Thought I would respond to this as I run the gamut of weather conditions, wood types, etc.
When it is like 10 degrees or colder outside, given the nature of this house and my stove type (see sig below), I will load splits in north-south so my air flow from my front loading stove goes with the splits. Faster burn times of course. I can get approx 6-7 hours on a full load this way.

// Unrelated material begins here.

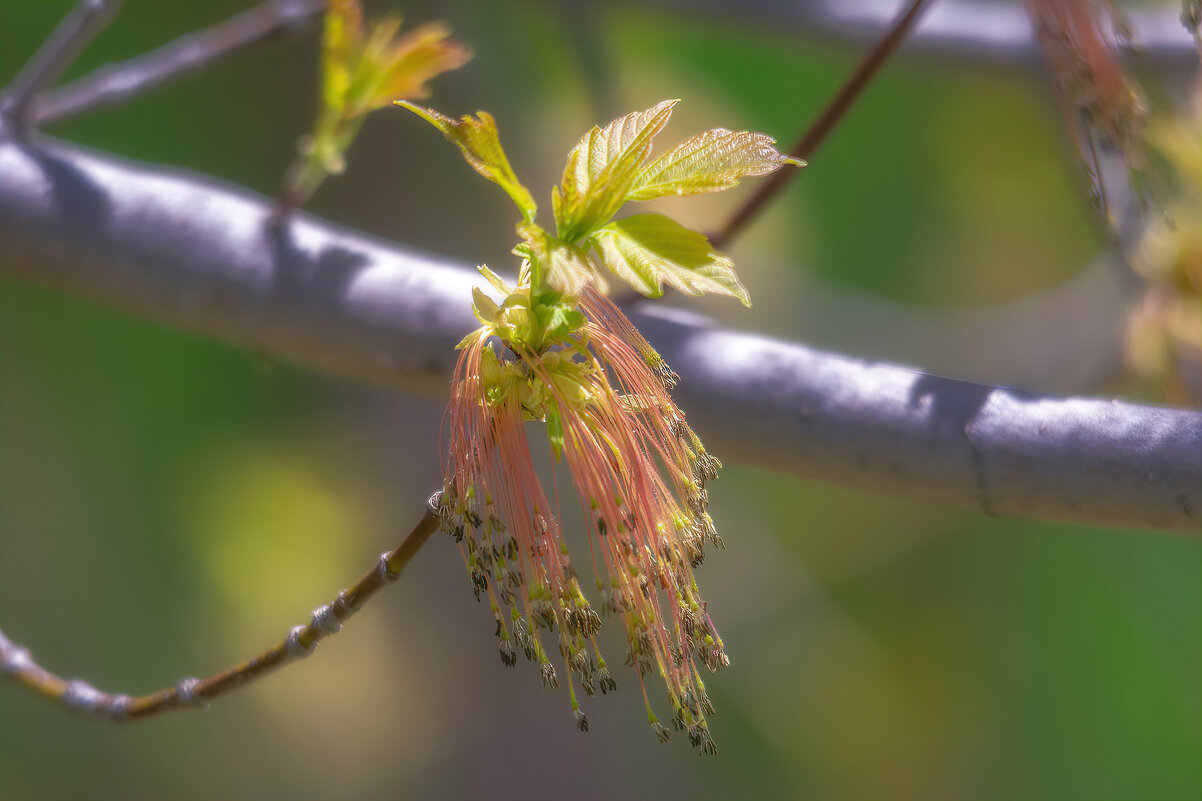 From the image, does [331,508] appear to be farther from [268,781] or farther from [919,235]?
[919,235]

Above 10 degrees, I will load east-west.
Depending on the wood, and the temperature conditions, I will vary how I load and what I load. For instance, if I am in that 10-30 dgrees outside range, I may load oak and/or pinon, east-west. This way the air flow is slowed and I get longer, even burns. I have to close everything for all intents, down, though there is still a minimal air flow occurring and things will work well. If I am burning pinon or cedar, or all oak, these can tend to produce wonderfully high heat even when things are dampered all the way down. If things are too fast, the draft is going too well, the wood is just too perfect, or if things are warmer than say 30 degrees, and I run the risk of overfiring, I have techniques where I will place different kinds of wood along different layers. I can maintain three "zones" of splits in my firebox, perhaps two, sometimes three splits high. What I might do is place a high heat split in front. In the middle I may put some moderate wood, like elm or mebbe some not quite perfectly seasoned oak pr pine, or I may place in a full round in my middle layer. Then I may place a high heat puppy on the bottom of my last layer near the back of the stove, with another one or two moderate type wood splits on top. I end up with being able to control the speed and flow, and for all intents, heat of a load over the course of 6-10 hours, but the types of wood at each layer. Sometimes I will place a high heat split along the bottom of all three zones, and then a full round on top of each one. Gets things coaled up on the bottom, which then move more slowly through the unsplit round on top. All this loading east-west, and I can get easily 10 hours or more on this stove which is a modest stove design, nothing fancy. But it works for this house and environment. If it were colder here, I would have opted for a more efficient CAT stove. But I've been able to use this layering technique to manage slow to fast burns. But in a pinch, I go north-south with say, pinon, and can get the joint warmed up fairly quickly. East-west, north-south, layering the types of wood depending on the conditions. Have been fairly successful in keeping the digs cozy even at during extended subzero times. And when things go into the 40s or 50s, I have these wonderful coals which will keep things comfy all day.
Appleby said:
I will have to check it in the AM when the fire is down and out as I highly doubt I will get even close to an all night burn at this rate (don't get me wrong...I am very happy with the unit). I have a dynomite draw from the second I strike a match. Ironcially though it is an exterior chimney but it is a very heavy chimney with ext. brick, 8" CMU and then clay liner. 22ft high. I used T316 flex liner with no insulation. I'm thinking there could be a decent chance that I did not solidly close the ash tray cover. I'll report back in the morning. The small hole you are talkign about is right were the action is but it seems like too much air for what you describe unless my draft is that off the chart which I doubt. I'll get to the bottom of it tomorrow.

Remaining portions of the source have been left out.